§ Task objective
Only the opening lines of the listing, through the one with "15 String Trinity", are to be retyped, each exactly as it stands.
======
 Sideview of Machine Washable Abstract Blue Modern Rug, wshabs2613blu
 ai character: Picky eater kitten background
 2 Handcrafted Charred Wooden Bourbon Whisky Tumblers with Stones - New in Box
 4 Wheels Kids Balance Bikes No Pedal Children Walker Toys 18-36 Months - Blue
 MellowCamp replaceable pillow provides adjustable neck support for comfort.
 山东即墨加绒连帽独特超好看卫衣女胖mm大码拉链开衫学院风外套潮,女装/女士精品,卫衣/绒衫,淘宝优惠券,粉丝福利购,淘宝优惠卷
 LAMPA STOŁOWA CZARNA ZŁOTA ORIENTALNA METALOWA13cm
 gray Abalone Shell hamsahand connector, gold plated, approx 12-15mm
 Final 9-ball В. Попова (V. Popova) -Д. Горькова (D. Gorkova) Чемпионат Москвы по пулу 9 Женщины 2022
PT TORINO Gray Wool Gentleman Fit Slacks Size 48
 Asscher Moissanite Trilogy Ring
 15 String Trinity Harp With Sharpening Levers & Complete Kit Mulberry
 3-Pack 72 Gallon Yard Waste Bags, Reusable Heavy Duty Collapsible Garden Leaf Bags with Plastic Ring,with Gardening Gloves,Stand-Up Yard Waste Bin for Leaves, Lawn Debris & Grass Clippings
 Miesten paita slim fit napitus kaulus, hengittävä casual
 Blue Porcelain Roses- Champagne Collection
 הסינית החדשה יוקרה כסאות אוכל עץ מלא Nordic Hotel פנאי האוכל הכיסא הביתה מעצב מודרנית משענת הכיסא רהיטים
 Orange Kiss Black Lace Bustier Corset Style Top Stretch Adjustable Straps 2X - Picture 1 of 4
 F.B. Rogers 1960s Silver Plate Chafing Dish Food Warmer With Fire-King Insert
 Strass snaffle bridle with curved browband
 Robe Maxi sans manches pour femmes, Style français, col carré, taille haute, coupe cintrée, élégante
======
§ Written answer
 Sideview of Machine Washable Abstract Blue Modern Rug, wshabs2613blu
 ai character: Picky eater kitten background
 2 Handcrafted Charred Wooden Bourbon Whisky Tumblers with Stones - New in Box
 4 Wheels Kids Balance Bikes No Pedal Children Walker Toys 18-36 Months - Blue
 MellowCamp replaceable pillow provides adjustable neck support for comfort.
 山东即墨加绒连帽独特超好看卫衣女胖mm大码拉链开衫学院风外套潮,女装/女士精品,卫衣/绒衫,淘宝优惠券,粉丝福利购,淘宝优惠卷
 LAMPA STOŁOWA CZARNA ZŁOTA ORIENTALNA METALOWA13cm
 gray Abalone Shell hamsahand connector, gold plated, approx 12-15mm
 Final 9-ball В. Попова (V. Popova) -Д. Горькова (D. Gorkova) Чемпионат Москвы по пулу 9 Женщины 2022
PT TORINO Gray Wool Gentleman Fit Slacks Size 48
 Asscher Moissanite Trilogy Ring
 15 String Trinity Harp With Sharpening Levers & Complete Kit Mulberry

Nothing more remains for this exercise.